[[ Provided information, beginning ]]

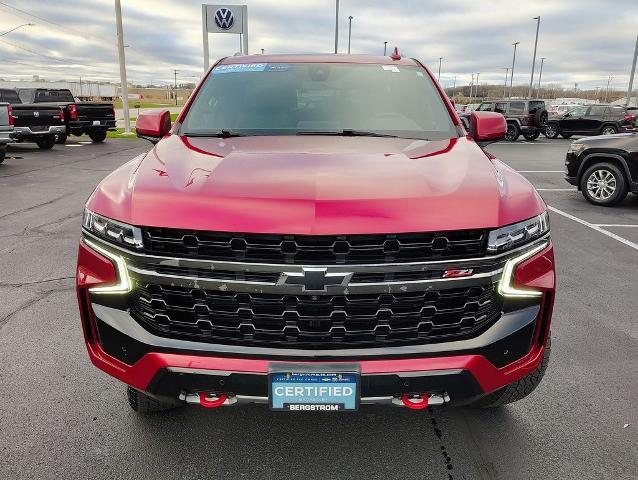 2021 Chevrolet Tahoe Vehicle Photo in GREEN BAY, WI 54304-5303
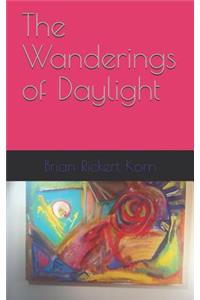 The Wanderings of Daylight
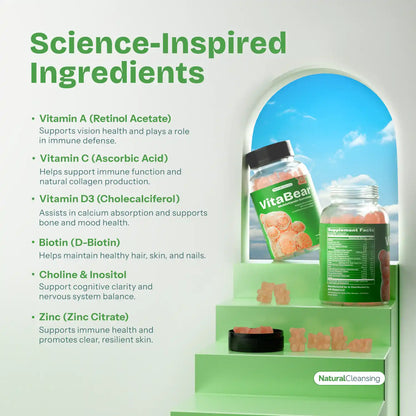 VitaBear - Multivitamin Gummies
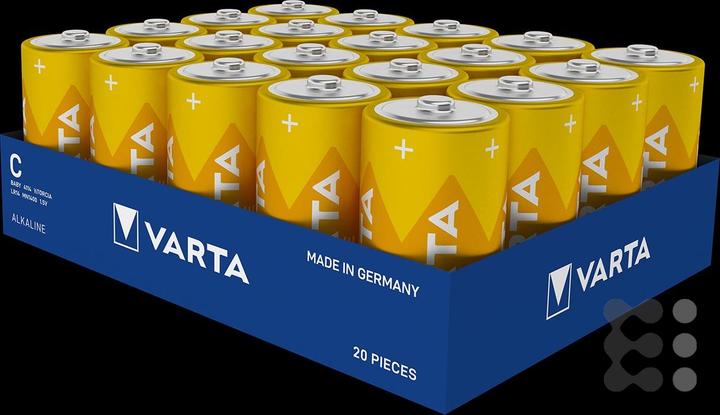 Produktbild Varta Longlife (1 Stk., C, 7600 mAh)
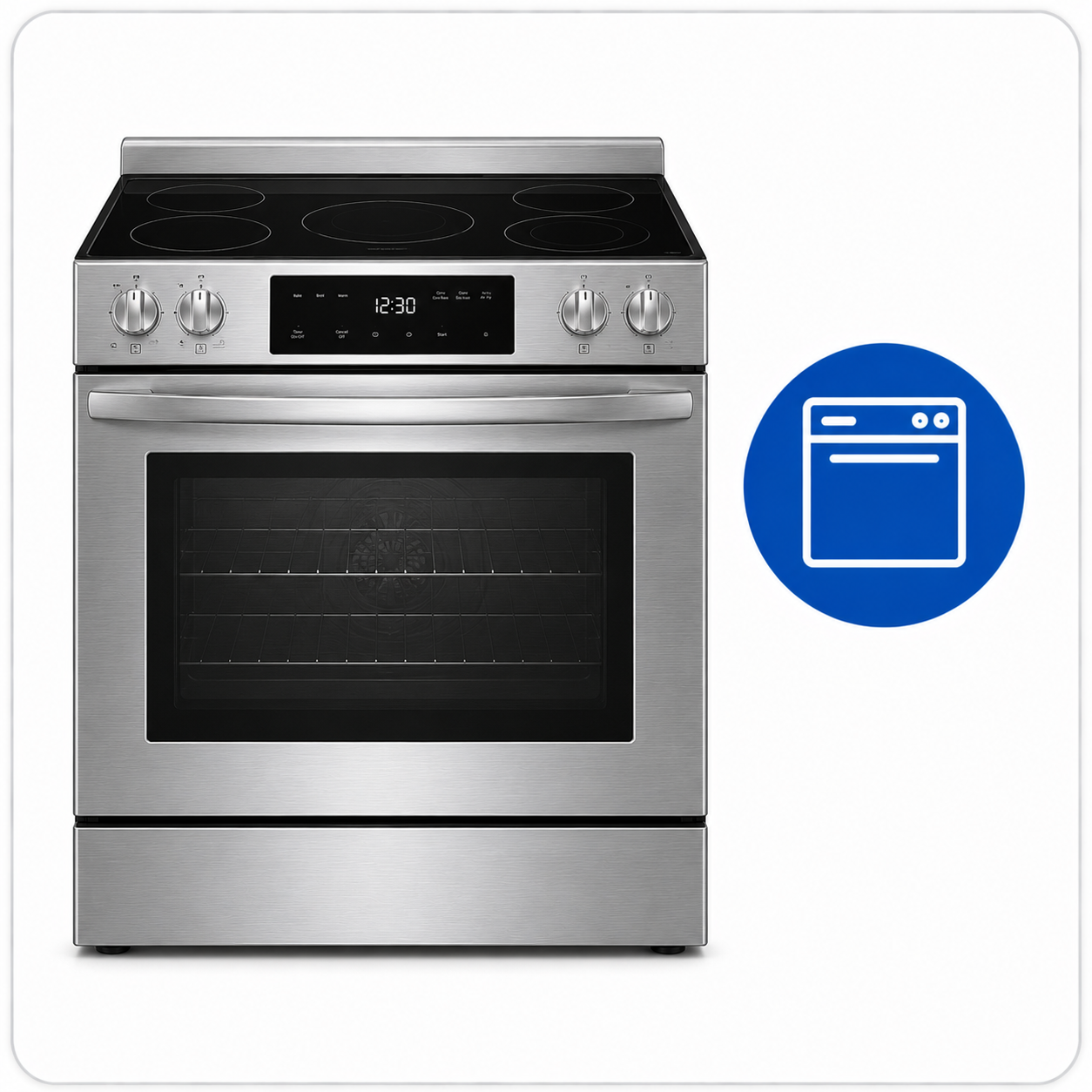 Oven & Range Repair Boynton Beach
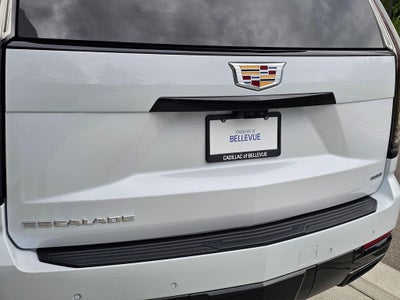 2026 Cadillac Escalade ESV Sport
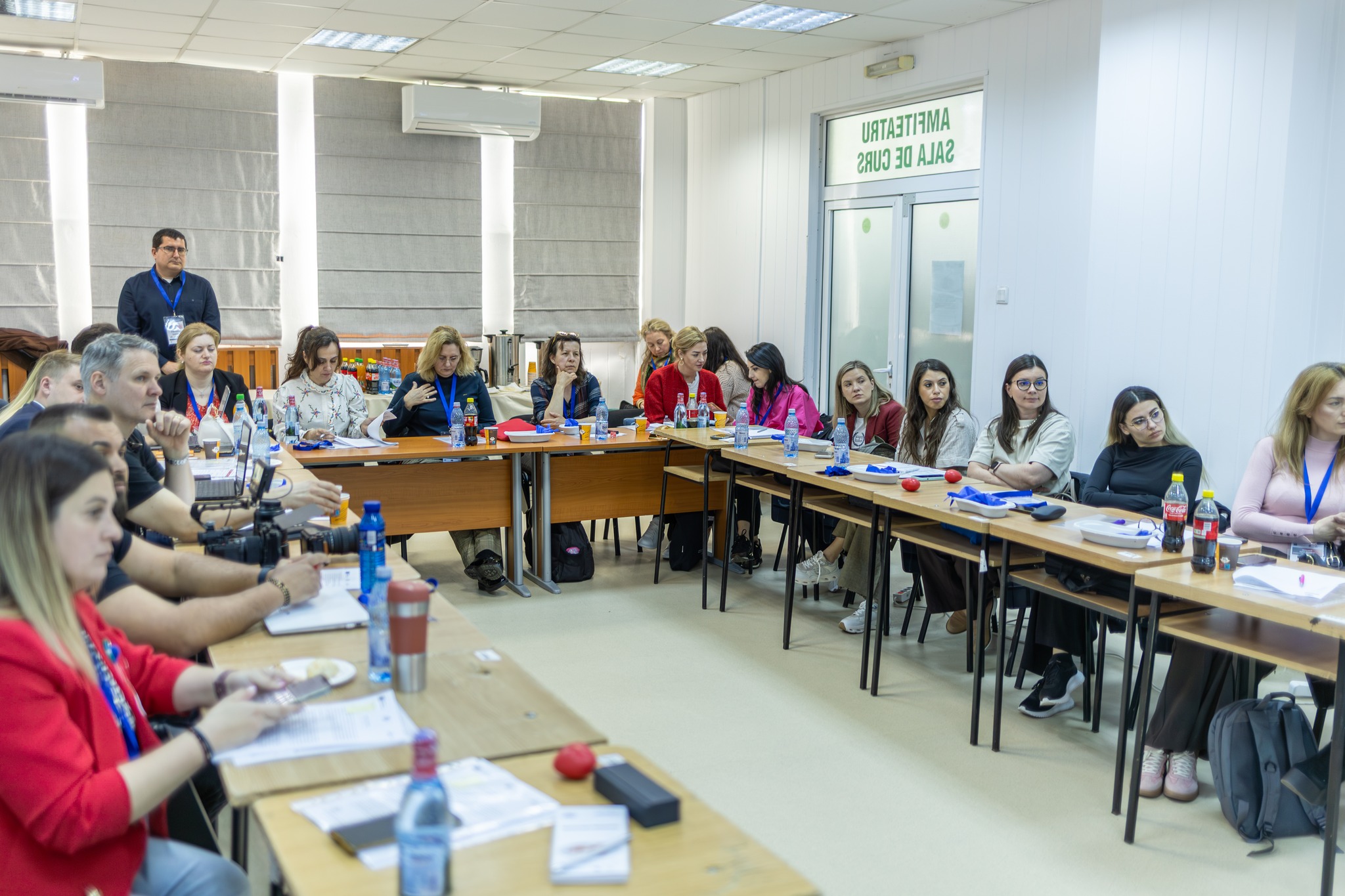 Spitalul Universitar de Urgență București: Screening gratuit pentru boli hepatice pentru persoane vulnerabile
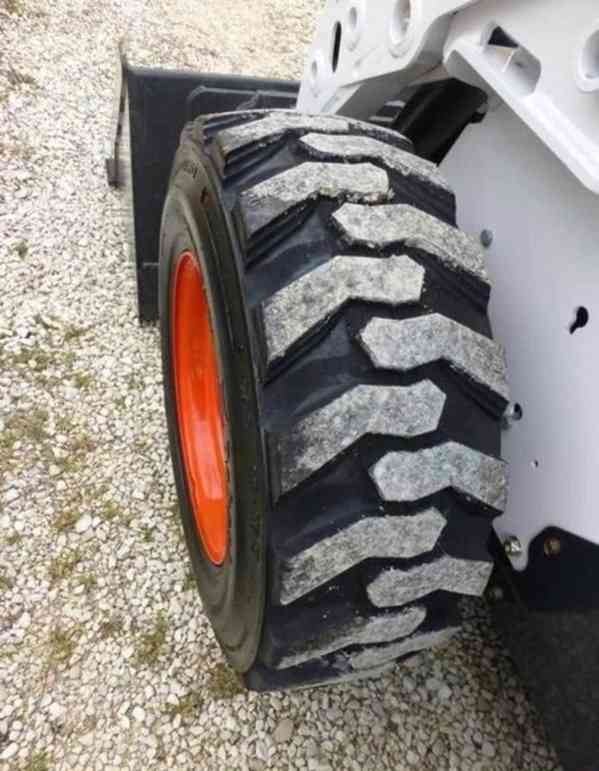 Bobcat S160 Nakladače - foto 12
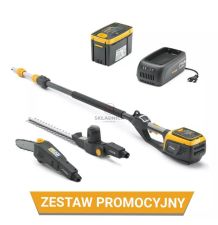 PODKASZARKA + SEKATOR AKUMULATOROWY NA [STG05-1102]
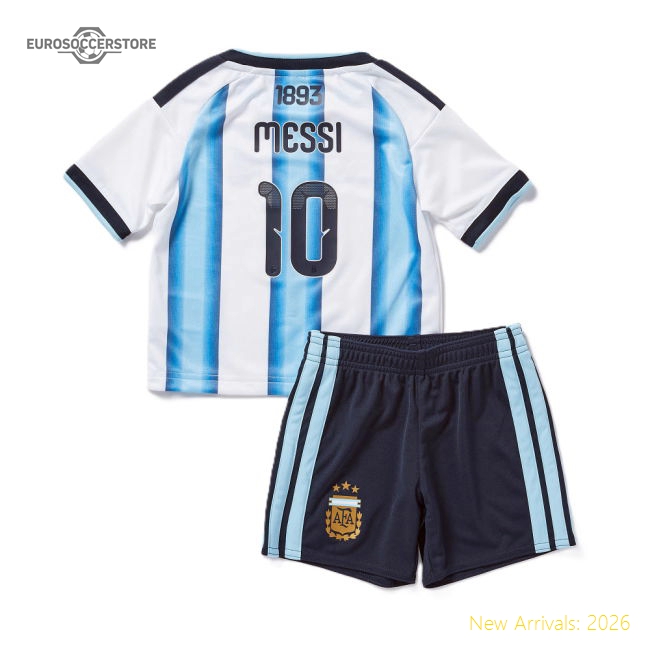 Argentina Lionel 20262027 Home Kit  Highperformance Lightweight
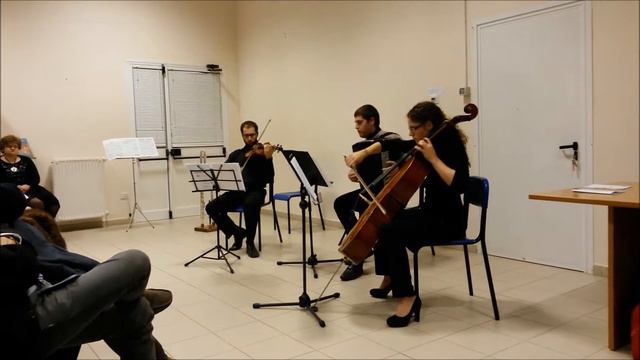 Trio Miele in ETDR di M.MORES смотреть онлайн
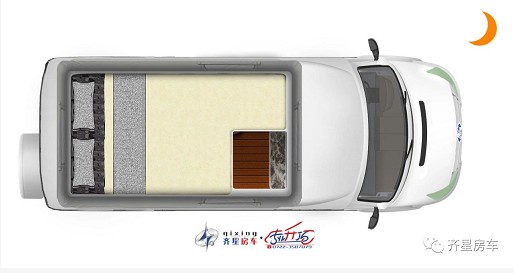 齊星新全順中頂升頂房車(chē) 齊星新全順中頂升頂房車(chē)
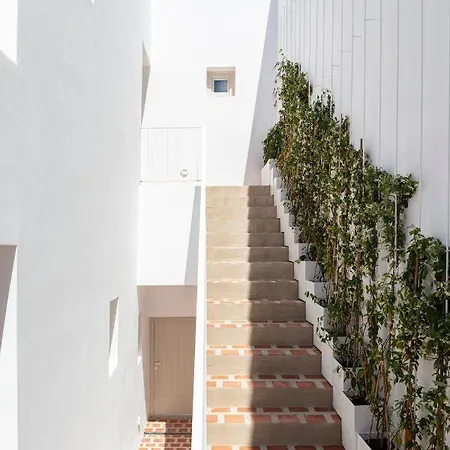 Hotel Ethos Vegan Fira, Santorini *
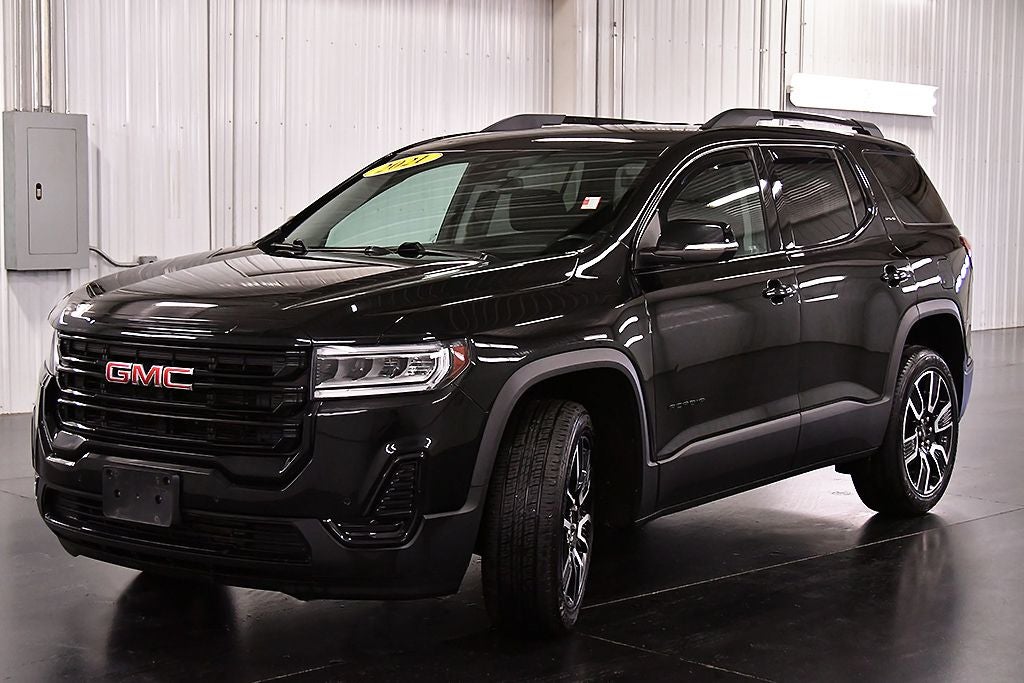 2021 GMC Acadia SLE Elevation Edition
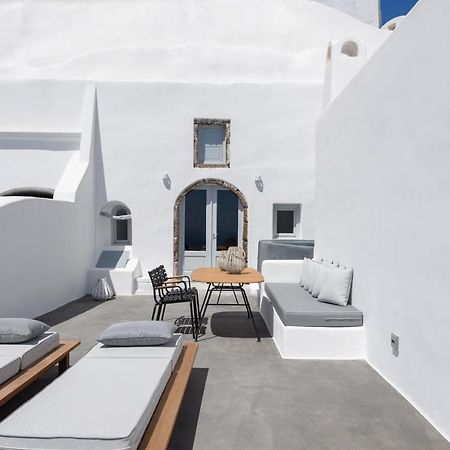 Adele Villa By Senses Collection Pyrgos Kallistis ภายนอก รูปภาพ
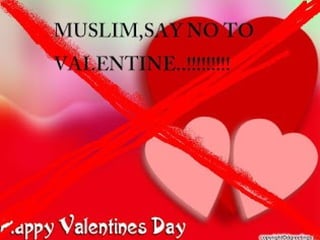 Sejarah dan tradisi v day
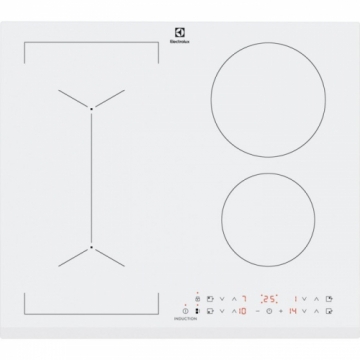 Electrolux indukcijas plīts virsma - LIV63431BW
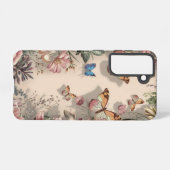Butterfly Dreams Galaxy S21 Hoesje Samsung Galaxy Hoesje (Achterkant horizontaal)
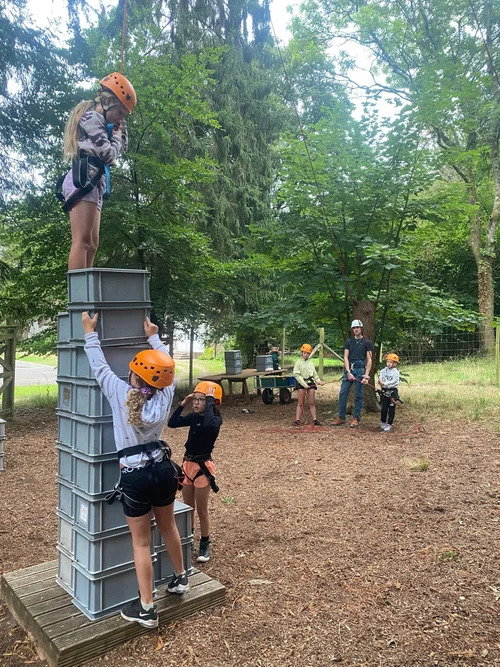 Junior New Forest Camp general 5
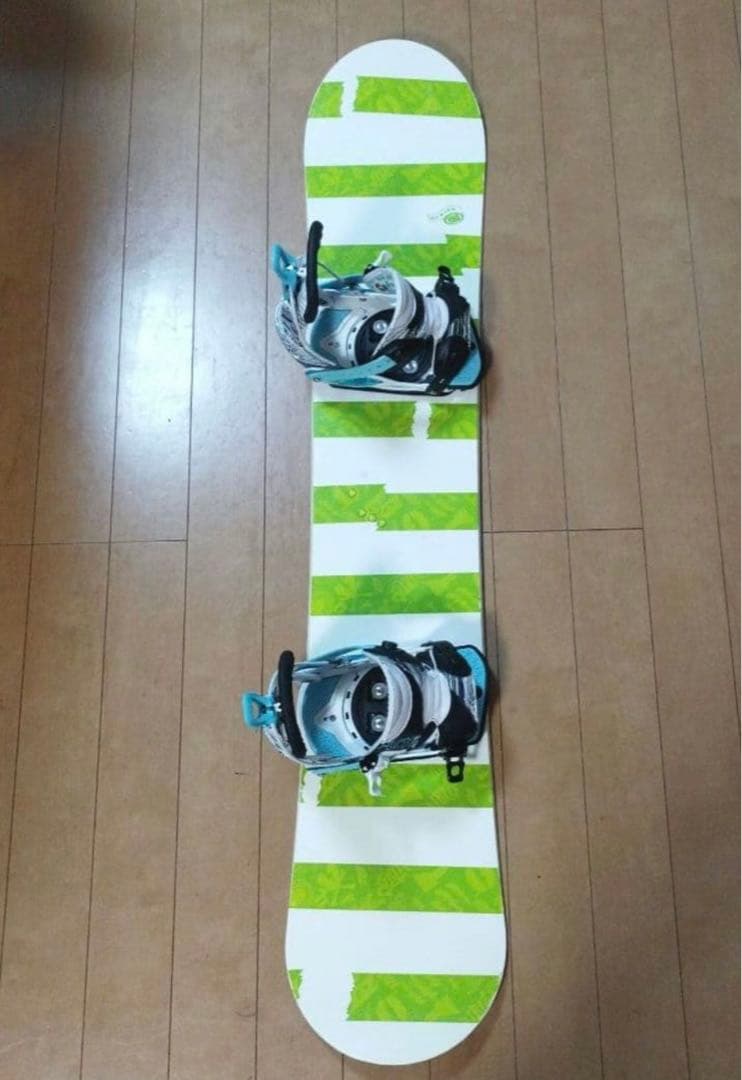 NITOROスノーボード+ビンディング セット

[[ Provided information, end ]]

Exercise goal: Please output the listing above exactly from its first line through the line with "Bobcat S160 Nakladače - foto 12", both included, and nothing beyond that line. Omit pictures.

Answer area:
 2021 Chevrolet Tahoe Vehicle Photo in GREEN BAY, WI 54304-5303
 The Wanderings of Daylight
 VitaBear - Multivitamin Gummies
 Produktbild Varta Longlife (1 Stk., C, 7600 mAh)
 Oven & Range Repair Boynton Beach
 2026 Cadillac Escalade ESV Sport
 Spitalul Universitar de Urgență București: Screening gratuit pentru boli hepatice pentru persoane vulnerabile
 Bobcat S160 Nakladače - foto 12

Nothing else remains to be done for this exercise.